Single by Pierre Bachelet

from the album Pierre Bachelet
- Released: 1982
- Recorded: 1982
- Genre: Traditional French song
- Length: 4:12
- Label: Polydor
- Songwriters: Jean-Pierre Lang (lyrics) Pierre Bachelet (music)

Music video
- "Les Corons" on YouTube

= Les Corons =

"Les Corons" is a song by French singer-songwriter Pierre Bachelet and was written by Jean-Pierre Lang and music composed by Bachelet himself. "Les corons" is a regional anthem for the Northern miners of France. The iconic song describes the pride of France's miners, their life and struggle and their feasts, also integrating the music and folklore of the region. The single was released in 1982 on the Polydor record label. It was also included in the self-titled album Pierre Bachelet. A "coron" is a typical miner's habitation from that region.

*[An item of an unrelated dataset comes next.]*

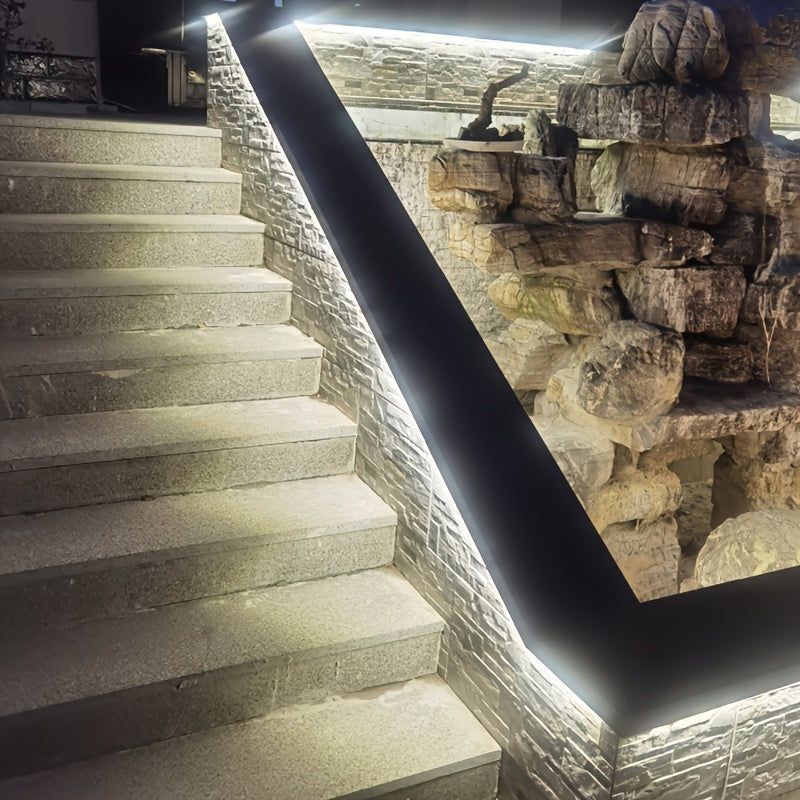 SolarFlex Light – Flexibele LED Strip met Zonne-energie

The supporters of the football club RC Lens use it as a chant. It also became a popular song of the students of École des Mines de Douai.

==Track list==
- Vinyle 7"
1. "Les Corons" (Pierre Bachelet, Jean-Pierre Lang) – (4:12)
2. "Nos jours heureux" (Pierre Bachelet, Jean-Pierre Lang) – (2:56)

==Versions==
- In 2010, the Quebec singer Jean-Philippe Bergeron recorded a version of the song in his album Elle est d'ailleurs, produced by Guy St-Onge and consecrated to 12 of Bachelet's best known hits. Pierre Bachelet's wife Fanfan Bachelet, accepted to sponsor the album.
- In 2012, the French vocal quartet Les Stentors interpreted the song.